Klokkeklang (Bell-Ringing), Op.54/6
Piano Concerto No.5 in F, Op.103 (Egyptian)
Symphonic Dances, Op.64
Ben Schoeman (piano)
City University Symphony Orchestra
Reviewed by: Robert Matthew-Walker
Reviewed: 23 May, 2014
Venue: Jerwood Hall, LSO St Luke’s, London
The work is magnificently written (it dates from 1896), and is laid out (as almost all of Saint-Saëns’s concertos are) in structural terms in a highly original manner, but one which makes perfect sense, especially emotionally. The ‘Egyptian’ aspect is more to the fore in the second movement (which at times sounds as though Saint-Saëns had recently heard Rimsky-Korsakov’s Scheherazade) but this is more than a concertante musical travelogue. It demands much from the pianist in terms of brilliance, sensitivity and sheer technique (towards the end of the finale, did Prokofiev hear this work in turn, before completing his Third Piano Concerto? This is a rhetorical question to which Mr Anderson need not reply). In every particular Schoeman proved himself fully up to his considerable task, as one might expect from a Royal Over–Seas Gold Medal Winner (2009), and was exceptionally well partnered by the Symphony Orchestra of London’s City University under the clear and expressive baton of Anthony Weeden, who had begun proceedings with a rare account of Grieg’s astounding ‘Bell-Ringing’ (Klokkeklang), one of the most original pieces of music by any composer in the 19th-century.

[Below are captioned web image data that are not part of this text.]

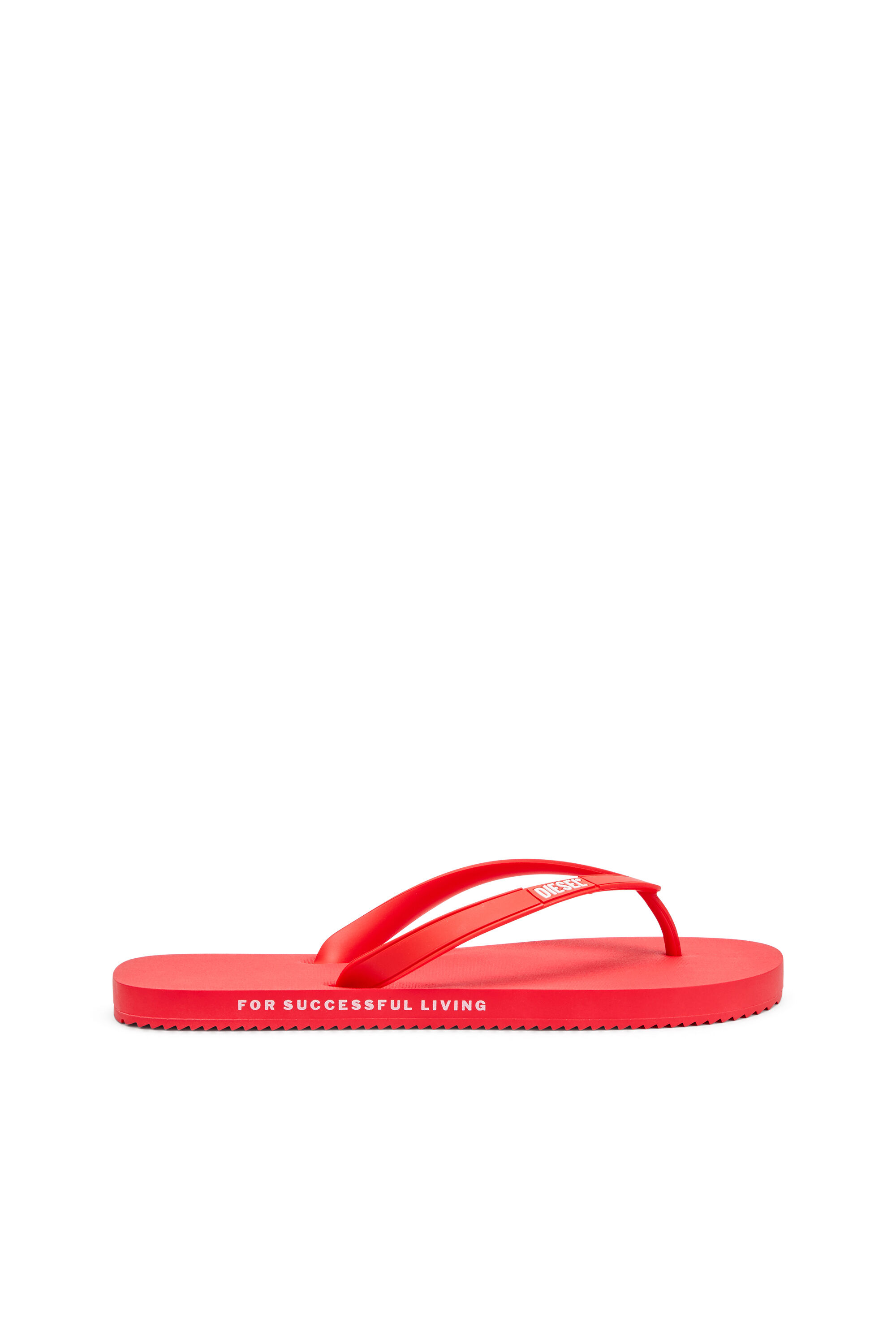 Diesel - SA-RIO, Sa-Rio-Tongs en caoutchouc Homme in Rouge - 1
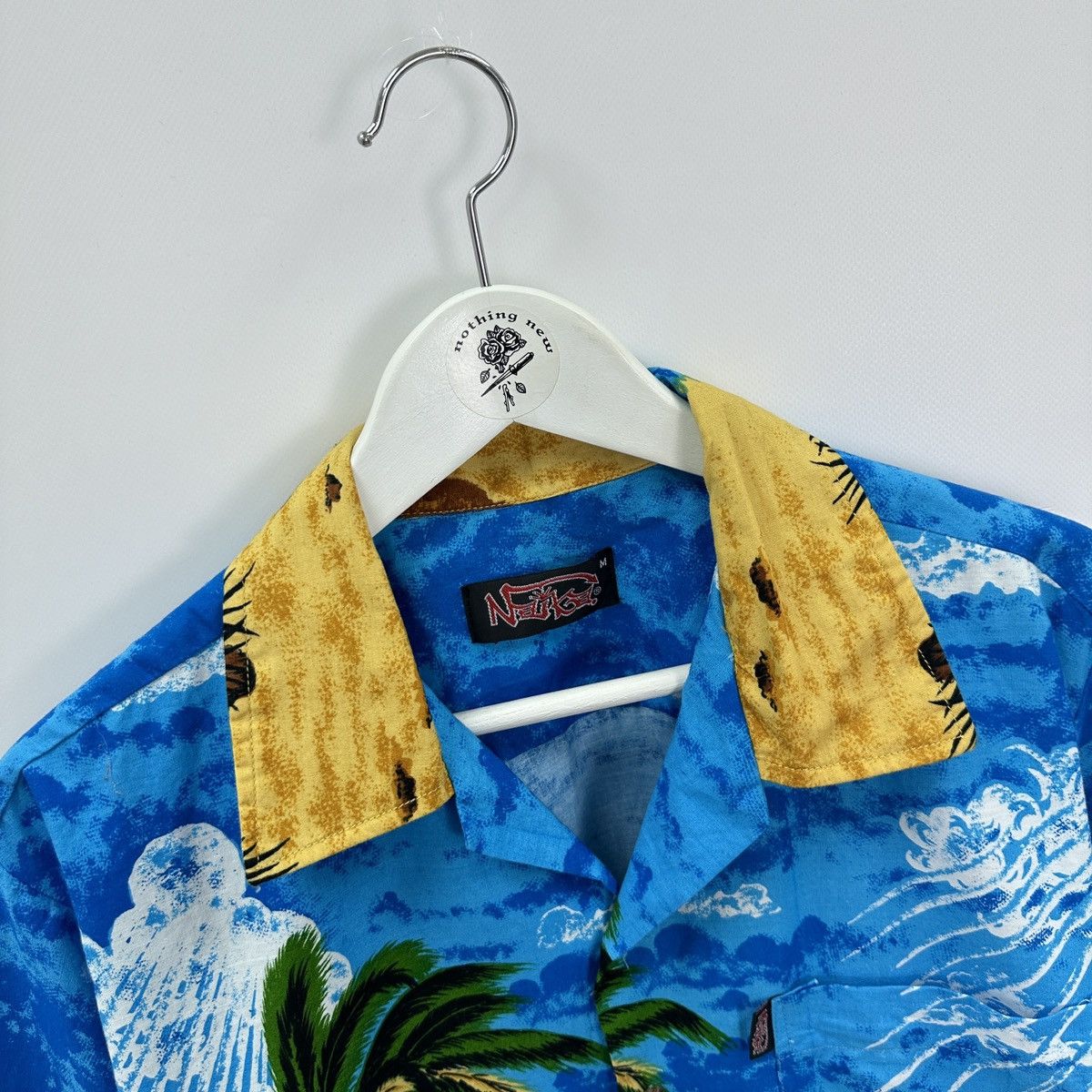 Vintage Vintage 90s Naika Paradise Island Hawaiian Shirt size M nice Size US M / EU 48-50 / 2 - 5 Thumbnail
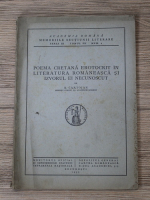 N. Cartojan - Poema cretana erotocrit in literatura romaneasca si izvorul ei necunoscut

The influence this remarkable work must have had on figures such as Busoni, Scriabin and Debussy is now more tangible than it ever was just over a century ago, when Grieg’s own orchestration of this original piano piece – the last of the Opus 54 Lyric Pieces from 1889-91 – was made. Grieg’s orchestration dates from 1904, but by then the music had made its impact in its original form. It still has the power to astonish – there is no melodic interest whatsoever, no harmonic underpinning, it is just ‘all atmosphere and no tune’, and quite unlike anything that had ever gone before, with the possible exception of Liszt’s very late Nuages gris.
It proved a remarkably impressive opener, the superb acoustics of LSO St Luke’s enhancing the myriad tone-colours of the orchestra in a way that caused one to thank anew the foresight of Clive Gillinson, one-time manager of the LSO, who found the disused church (close to the Barbican Centre), spearheaded the raising of the money, and saw it transformed into the LSO’s rehearsal home and a concert venue in its own right. The acoustics enhance any musician, group or orchestra performing here – unlike those of the RFH, despite £119 million being spent to ‘improve’ that building. So it may be that the RPO on Tuesday would have sounded in the Festival Hall like the very fine orchestra it is, but the City University’s Orchestra took on a golden bloom in this venue, being able to project corporate and individual tones that were more than acceptable.
Finally, more Grieg – one of his last, and one of his biggest, orchestral works – the Symphonic Dances of 1897, which – like ‘Bell-Ringing’ – was a score originally drafted for the piano (piano duet, actually), but in which he clearly had orchestral timbres in mind. Ever since the manuscript of Grieg’s Symphony in C minor (which would have been his Opus 14) was resurrected in the early 1980s, and was shown to be an excellent work in its own right that the composer ought not to have withdrawn (it is the equal of the first three Tchaikovsky Symphonies and of Bruckner’s first three: the F minor, No.1 and Die Nullte), his Symphonic Dances, appearing over thirty years later, amount to Grieg’s Second Symphony. Although one may be a little challenged to prove the inherent symphonism of the work, the inter-relationships of thematic material, the varying approach to similar structures in the first three movements, and even the ‘progressive tonality’ of A major to G minor the work undergoes certainly betoken a symphonic cast of mind – the more so when Grieg was adamant that the movements should never be performed separately.
So all credit to Weeden, who led a wholly convincing and very well played performance of music that makes an immediate impact at a variety of levels, yet the score’s (and its composer’s) subtleties are still not as fully appreciated as they might be. This concert, the initial event of City University London’s free music festival which runs until June 13, proved an excellent opener.